Of course, leaving the United States was never my intention — it was to come closer to Israel. But that seems to be the irony of the story: In my deep desire to reconnect to my roots, somehow I have disconnected from some of them.

I’ve also felt the loss of connection with my close friends in the United States. So many of the relationships that I put so much energy into have just fallen by the wayside, and I see that making the dream of Israel a reality has unwittingly cut important people out of my life.

Of course, when I visit there will be a warm reception, and we will eat sushi and laugh and catch up. My friends have been very supportive, even those who are not Jewish and have no understanding of what Israel means.

But once a year isn’t enough to maintain a real relationship.

The other day, my friend Valerie wrote me a short e-mail: “I got my results back from Sloan-Kettering and I don’t need to come for twice-yearly checkups anymore!!!!!”

Even since Valerie’s cancer went into remission, I remember how she used to get so panicky when the time for her checkups would come around.

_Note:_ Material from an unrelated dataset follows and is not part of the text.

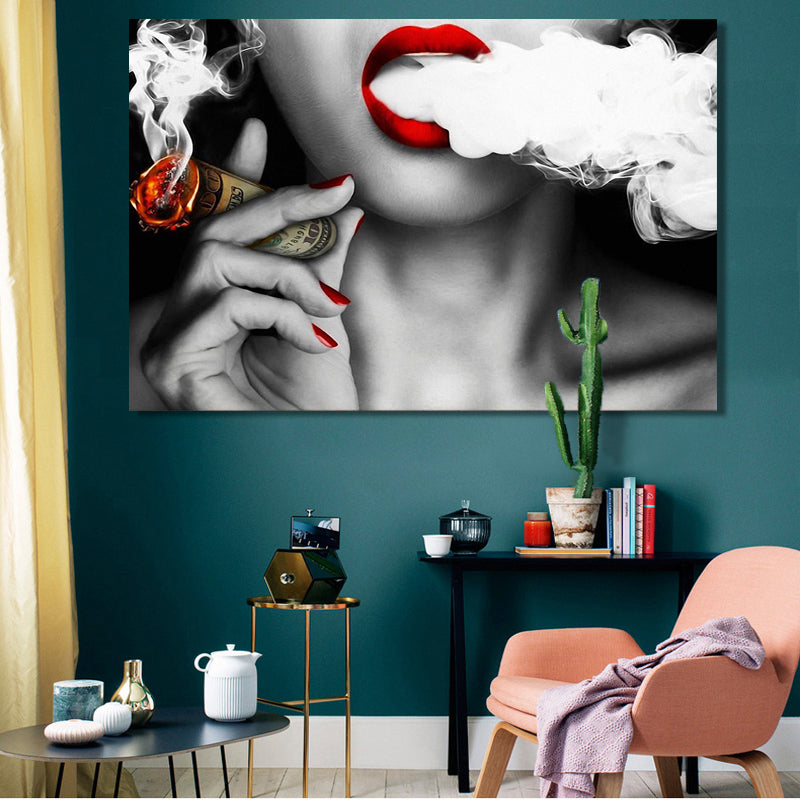 Modern Abstract Portrait Posters and Prints Wall Art Canvas Painting Women Smoke Money Oil Painting on the Wall Creative Decor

So we always would speak on the phone several times leading up to her appointment, and usually we would sit in some New York restaurant the week of the examination, eating something with chopsticks, while she voiced her fears. It was a small duty, but one that I was happy to take on.

Now, when I write her back a big “Congratulations” — even when it’s all in capital letters and followed by a series of exclamation points — my words lack the personal touch our meetings had.

I can’t help feeling like I’m not there like I used to be.

I go on writing e-mails and sending letters and calling, hoping to strengthen the connection between my family and friends as much as possible.

But there always is that void. I hope that someday having my own family will help fill that space.

For now, however, I realize that every dream has its price, and this distance from family and friends may be the biggest drawback of making aliyah.

I guess that’s the nature of dreams — that when they the come out of the clouds and become reality there always are challenges that come with them.

I’ve chosen with my heart to be in Jerusalem. On one hand, my heart is filled with hope for my present and future here, as well as for all the generations that will hopefully be after me in Israel. But on the other hand, my heart also is broken, because I’m so far from the people that love me the most.